Exercise material below:

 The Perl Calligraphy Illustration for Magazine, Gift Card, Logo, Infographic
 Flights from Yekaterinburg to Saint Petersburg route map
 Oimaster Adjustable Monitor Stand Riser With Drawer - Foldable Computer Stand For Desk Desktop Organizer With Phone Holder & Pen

End of Exercise material.
Exercise material below:

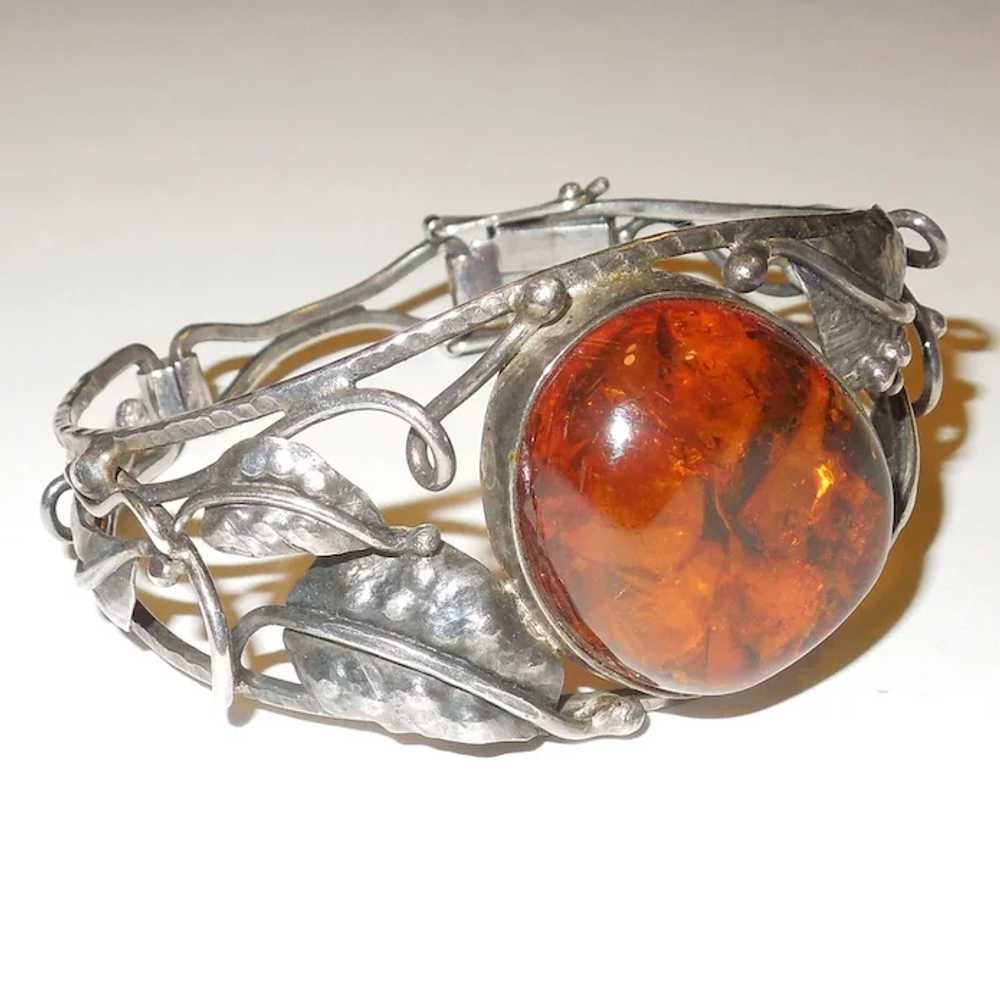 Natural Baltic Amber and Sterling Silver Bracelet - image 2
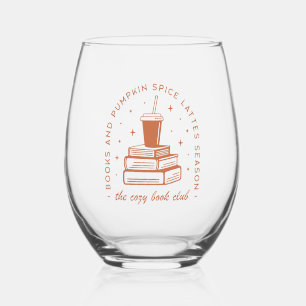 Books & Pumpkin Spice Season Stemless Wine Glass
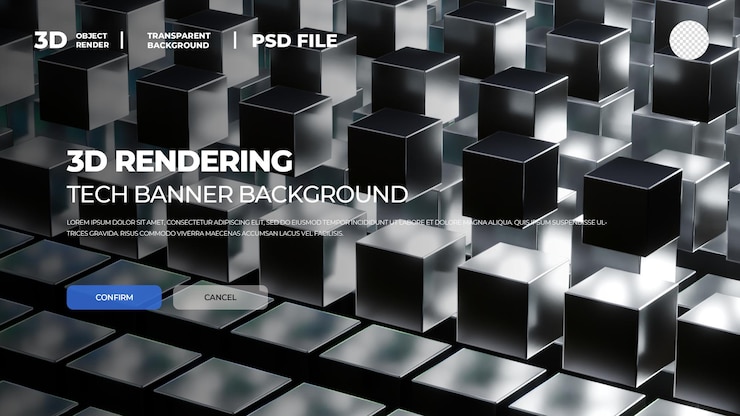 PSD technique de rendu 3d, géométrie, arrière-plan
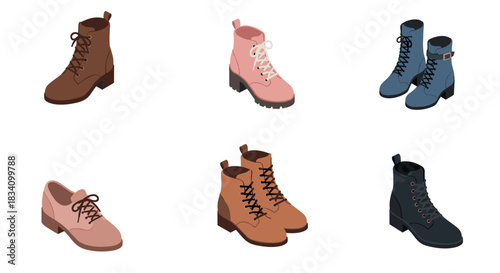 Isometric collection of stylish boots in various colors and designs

End of Exercise material.
Exercise material below:

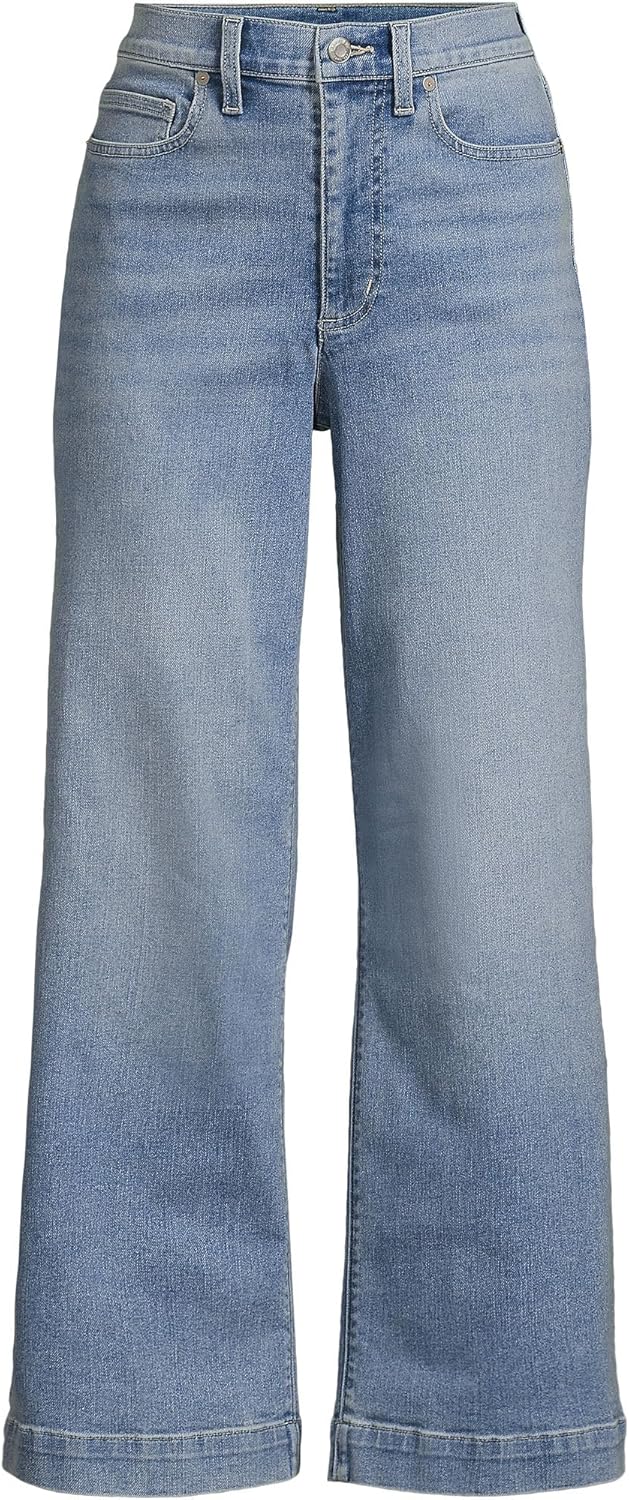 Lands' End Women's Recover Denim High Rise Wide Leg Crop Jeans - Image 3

End of Exercise material.

▶ [Your objective]
Please copy the lines in the records above between the one holding "The Perl Calligraphy" and the one holding "Oimaster Adjustable Monitor", inclusive, exactly and with no other line.

▶ [Output of the task]
 The Perl Calligraphy Illustration for Magazine, Gift Card, Logo, Infographic
 Flights from Yekaterinburg to Saint Petersburg route map
 Oimaster Adjustable Monitor Stand Riser With Drawer - Foldable Computer Stand For Desk Desktop Organizer With Phone Holder & Pen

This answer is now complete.